Setting Goals

We all have some goals as a writer. Whether you have written them down or just keep them somewhere in your head, they are there. Are they good goals, goals that inspire you to keep going or are you making goals into a torment for yourself? Having high goals may actually keep you from getting where you want to be. If your goals are too high you may not really think (expect) you can reach them. In that case you need to adjust your goals. Set them up as a path you can follow rather than a pinnacle you can’t reach.

These are some goal setting guidelines based on those I read in “Writing for Magazines: A Beginner’s Guide” by Cheryl Sloan Wray.

Start simple. If you are beginning your goals won’t be the same as a writer you has been published a few times and has contacts with editors/ publishers already. Simple goals are comfortable, attainable for as long as you need them.

Challenge yourself.

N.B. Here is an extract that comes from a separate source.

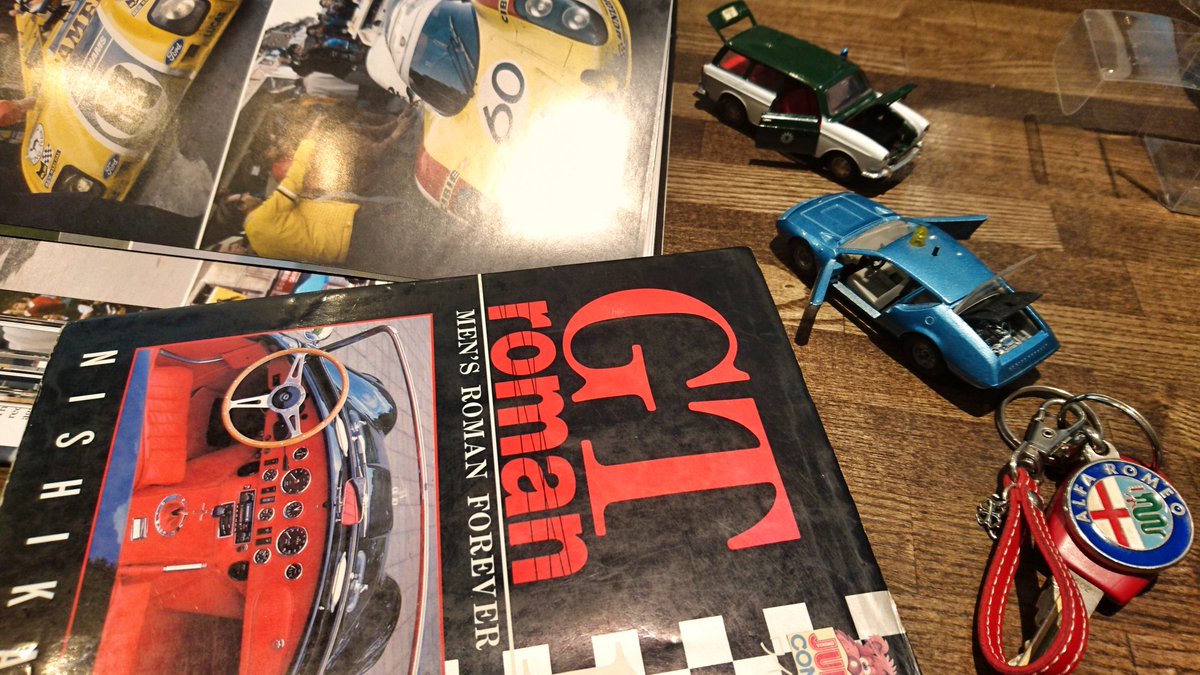 Kryon_Rider's tweet photo. ミニカー＆書籍バトルしていたら、マスターがコレクションで殴りかかってきた。MicroMachinesシリーズいいなこれ… https://t.co/1N0lUJOYE4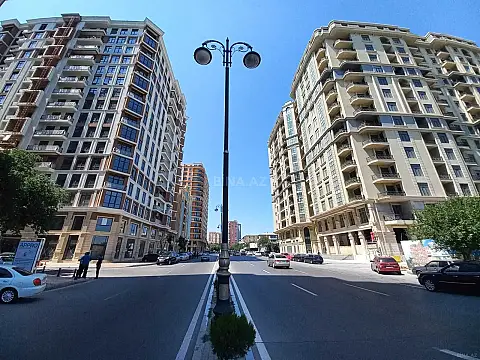 Satılır 4 otaqlı mənzil 150 m² — Bakı 4 otaq 150.00 m²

Having simple goals doesn’t mean you won’t be working, challenging yourself to do better and try bigger. Make goals simple so you won’t give up in frustration but challenging enough to be taken seriously, worthy of working for.

Set goals that suit your personality. Don’t try to make yourself into some other writer. Make the goals work for you, your style, your routine, etc.

Be concrete and specific. Goals shouldn’t be too broad or lacking in detail. Don’t have a goal of submitting an article to the local paper. Be specific, plan an article topic and set a date for submitting it.

Share your goals with a few writer friends. Pick a few people who encourage you and let them know what you’re planning. They will help keep you on track.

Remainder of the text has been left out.